Pedagogy and Violence Against Women

In all of the reading for my comprehensive exams I found the seed of a small part of my Latin education, and that is the role of rape in Latin and rhetorical pedagogy. This is something more like the beginnings of questionings, the start of the reclaiming. 

In ancient rhetorical education one of the exercises is the declamationes. Using hypothetical court cases, young rhetors built arguments around legal situations, some of which involved rape and rapists and women wronged by that violence. There are many declamationes attributed to Quintilian. When I first read about this, I thought that perhaps much of our culture’s chronic issue of violence against women (and, maybe even the resulting consequences, like, say, abortion and arguments around abortion) could be traced back to the idea that women’s issues have always been something for men to argue over and never for women to speak about, share experiences, let their voices be heard. 

It seems strange that rape would be the topic, essentially, of a writing exercise for young men. But, as Marjorie Curry Woods points out, the “rape scenes function in this tradition as the paradigmatic site for working out issues of power and powerlessness” (“Rape,” 73). The issue in the ancient school room was not so much the rape itself (and we might say that this issue has followed us into the present moment, where professors tend to focus less on the actual action that is being performed in the text, and more on the imagery, the beauty of the language, the metaphors, the figures of speech). The issue was, rather, the way that the situation left one with power and one without. Power and powerlessness is also what concerned orators in antiquity, so it makes sense that this theme was foundational for rhetorical exercises. 

Then later, in the Middle Ages, we move from declaiming in rhetorical education to studying, reading, writing about, responding to the stories of Vergil and Ovid, stories that portray rape. So, we go from using rape as a situation around which to build an argument, to reading and responding to stories about rape. Woods also points out that “boys learned to recite and express themselves in an acquired language by temporarily acquiring the emotions of characters, often female characters. They learned to interpret and perform characters in ways appropriate to each” (Weeping, 111). Boys recited parts of poems and built emotions around stories that even made young boys feel feelings and respond to those violent situations – even relate to female characters such as Dido. 

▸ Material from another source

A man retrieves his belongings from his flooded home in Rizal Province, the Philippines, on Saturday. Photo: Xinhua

Much more recently, there was the article in the Columbia Spectator about Ovid and trigger warnings, and the need to warn people of the violence that myths such as those contained in the Metamorphoses describe. More than that, there is a need to acknowledge what really happens in those stories, there is a need to acknowledge the action. 

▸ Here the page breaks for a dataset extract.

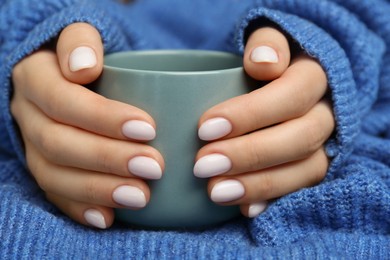 Woman with white nail polish holding cup, closeup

I’ve thought about the idea that we’ve used these stories of rape and violence against women in classrooms for a long time, I’ve attempted to address the truth of what’s going on, attempted to talk about the actions that powerful characters take. As I started teaching these stories in my own classroom, I wondered about the ways that I should be addressing these issues, although I never really could articulate the feelings that I had about these stories, and the increasing need that I felt that I should address it somehow (but how? with teenagers?) It wasn’t until now that I discovered I wasn’t alone in thinking these things – and in fact, the issue is as old as the texts that I taught. The need to justify teaching and reading these stories continues to grow and so does the need to explain these stories and their significance to the young people who read those stories. The stories are influential to nearly every other piece of literature in the Western world, and they are also some of the ways that we are exposed to violent acts against women. The stories, the acts need to be called out and talked about. Not only do we need to read and talk about the stories, but we can also take action ourselves: retell, retranslate, recraft, re-see, reinterpret those stories; change the literary and artistic landscape. 

Sources

Woods, Marjorie Curry. “Rape andthe Pedagogical Rhetoric of Sexual Violence.” Criticism and Dissent in the Middle Ages, edited by Rita Copeland. Cambridge University Press. 1996. 

—. Weeping for Dido: The Classics in the Medieval Classroom. Princeton University Press. 2019.